I'm afraid I'm going to have to disappoint you, viewers. And I know I do that all the time, considering that every single one of my videos has been the worst yet according to at least one of its comments, but you'll be disappointed in a slightly different way this time. I know I usually do a video on E3, but I don't think I'm going to be able to do one this year.
Partly because E3 started on a Tuesday, which is the day after I write the script for the following week's ZP, so I couldn't write about it while I didn't own a Tardis. Secondly, while there's usually a bit of a release lull around this time of year that accommodates some nice timely hype-bashing, that doesn't seem to be the case. I'm looking at the release schedule and wondering how I'm going to fit them all in as it is.
And really, sometimes I get the impression that everyone's kind of down on me this time of year when we're all supposed to be full of hope and joy for the wondrous upcoming future and all I want to do is bring you all down to my dreary, pungent level. But I guess that's exactly why I have to do it. Hype is a destructive thing that gives you expectations that can't possibly be fulfilled. E3 is like the second evolved form of a hype-type Pokemon and needs to be strongly counteracted. So I'm going to cover it here, in Extra Punctuation, not just this week but the next. Next week will cover the third party titles, but for now we'll talk about the Big Three.
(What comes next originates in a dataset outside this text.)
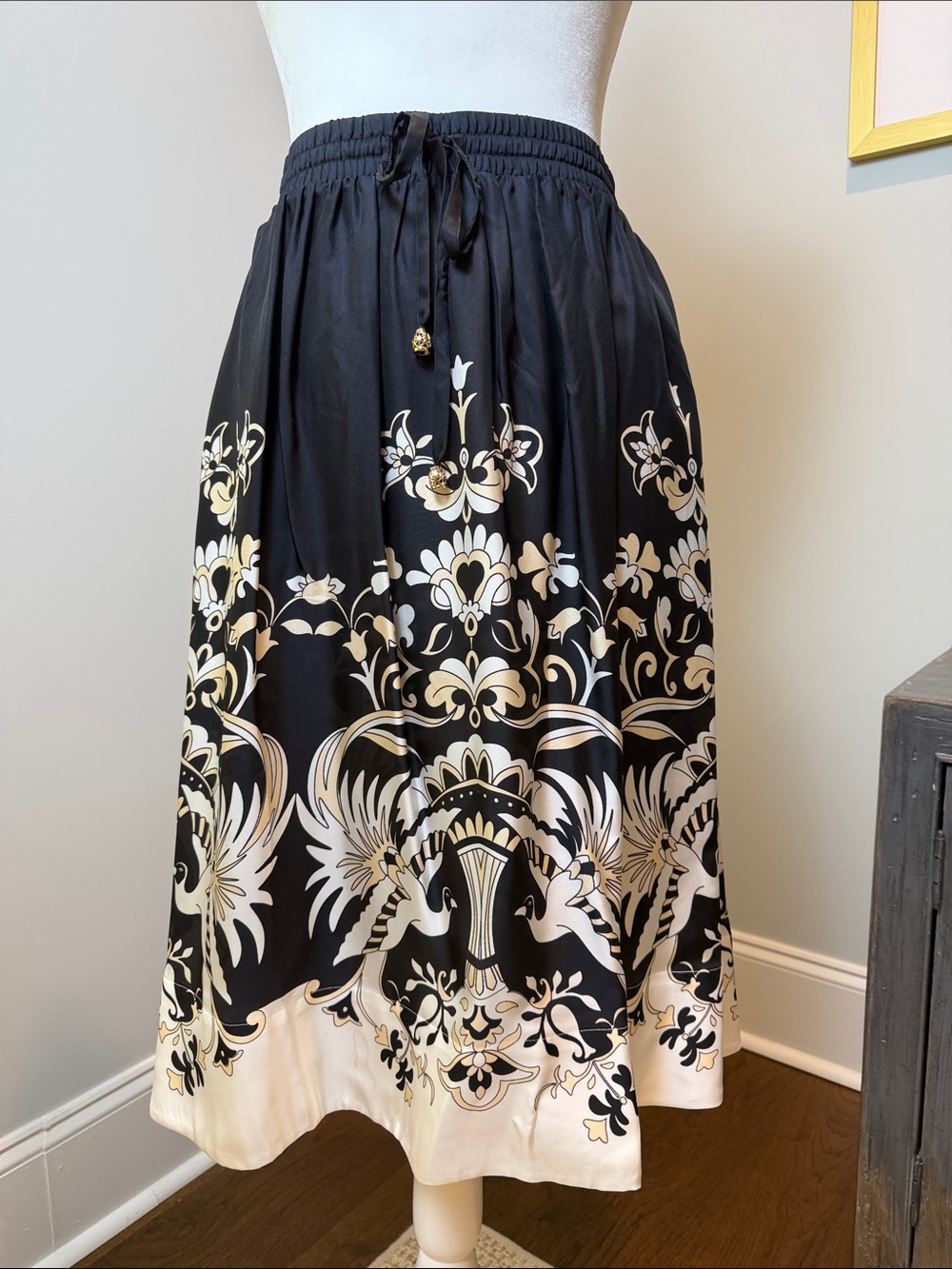NWOT Jade Silk Black Skirt with Cream Floral Border. Size Small.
I guess the other reason I'm not doing an E3 video this year is because it mostly wasn't very interesting. We already knew Nintendo were going to announce their new console and I already figured Microsoft and Sony weren't yet ready to admit that their various motion control ventures weren't exactly setting the gaming world ablaze, and so they'd just keep trying to get their investment back.
Still, plenty of ammunition on all sides, so let's start with the big one - Nintendo, and the Wii U. Now, I promised myself I wouldn't harp on this too much, but after the first big joke of the Wii, that being that it's basically a childish slang word for urine (and/or a small and unsatisfying penis depending on your region), I think they're just trying to bait us now. I mean, look at all the things you can do with Wii U. Wee On You. Wee Poo. Pee-yu.
Here in Australia there's a popular ice cream brand called Golden Gaytime, which advertises itself with the slogan "It's hard to have a Gaytime on your own!" Now, obviously there were people at the agency who realized that this could be interpreted as talking about buttfucking. I very strongly suspect that they did it deliberately so that people who think they're smart will tweet it to all their friends to show how they're so smart to have been the only one to notice it, thus ensuring that the brand name gets around one way or another. And I wonder if Nintendo aren't doing the same thing. I hope they bring one out called the Wii You Us so I can call it the Wee Poo Arse.